## What to work on
Among the lines below, copy each one in which "Photo" appears.

____ Record extracts

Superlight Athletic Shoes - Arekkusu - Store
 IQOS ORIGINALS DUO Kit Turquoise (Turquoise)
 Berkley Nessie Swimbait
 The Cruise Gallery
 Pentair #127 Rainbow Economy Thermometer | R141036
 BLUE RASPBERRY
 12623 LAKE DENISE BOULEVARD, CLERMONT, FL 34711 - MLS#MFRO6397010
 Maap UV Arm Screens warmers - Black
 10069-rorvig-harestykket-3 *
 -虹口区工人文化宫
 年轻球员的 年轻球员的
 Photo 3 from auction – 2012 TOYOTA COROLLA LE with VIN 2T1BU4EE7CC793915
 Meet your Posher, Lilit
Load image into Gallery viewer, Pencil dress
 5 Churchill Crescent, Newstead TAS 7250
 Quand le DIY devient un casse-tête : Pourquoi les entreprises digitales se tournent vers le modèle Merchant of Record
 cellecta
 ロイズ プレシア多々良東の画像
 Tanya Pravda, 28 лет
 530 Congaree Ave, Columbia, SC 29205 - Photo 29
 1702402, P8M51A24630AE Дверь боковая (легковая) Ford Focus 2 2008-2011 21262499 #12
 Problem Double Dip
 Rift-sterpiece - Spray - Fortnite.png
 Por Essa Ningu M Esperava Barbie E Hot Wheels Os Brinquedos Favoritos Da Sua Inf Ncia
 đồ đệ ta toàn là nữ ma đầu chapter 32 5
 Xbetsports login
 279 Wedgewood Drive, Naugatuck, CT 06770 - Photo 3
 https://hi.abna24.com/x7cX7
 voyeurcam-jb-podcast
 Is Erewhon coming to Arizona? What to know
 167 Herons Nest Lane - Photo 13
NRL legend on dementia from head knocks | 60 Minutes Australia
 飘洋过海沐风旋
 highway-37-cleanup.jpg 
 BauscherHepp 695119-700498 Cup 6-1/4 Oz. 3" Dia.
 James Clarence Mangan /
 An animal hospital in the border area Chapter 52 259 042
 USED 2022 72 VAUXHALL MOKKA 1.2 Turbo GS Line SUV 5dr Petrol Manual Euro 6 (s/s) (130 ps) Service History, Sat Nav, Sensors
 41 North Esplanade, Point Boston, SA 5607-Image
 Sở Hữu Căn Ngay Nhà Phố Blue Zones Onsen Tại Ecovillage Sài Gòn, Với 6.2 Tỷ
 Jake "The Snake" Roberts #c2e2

________

## Answer
 Photo 3 from auction – 2012 TOYOTA COROLLA LE with VIN 2T1BU4EE7CC793915
 530 Congaree Ave, Columbia, SC 29205 - Photo 29
 279 Wedgewood Drive, Naugatuck, CT 06770 - Photo 3
 167 Herons Nest Lane - Photo 13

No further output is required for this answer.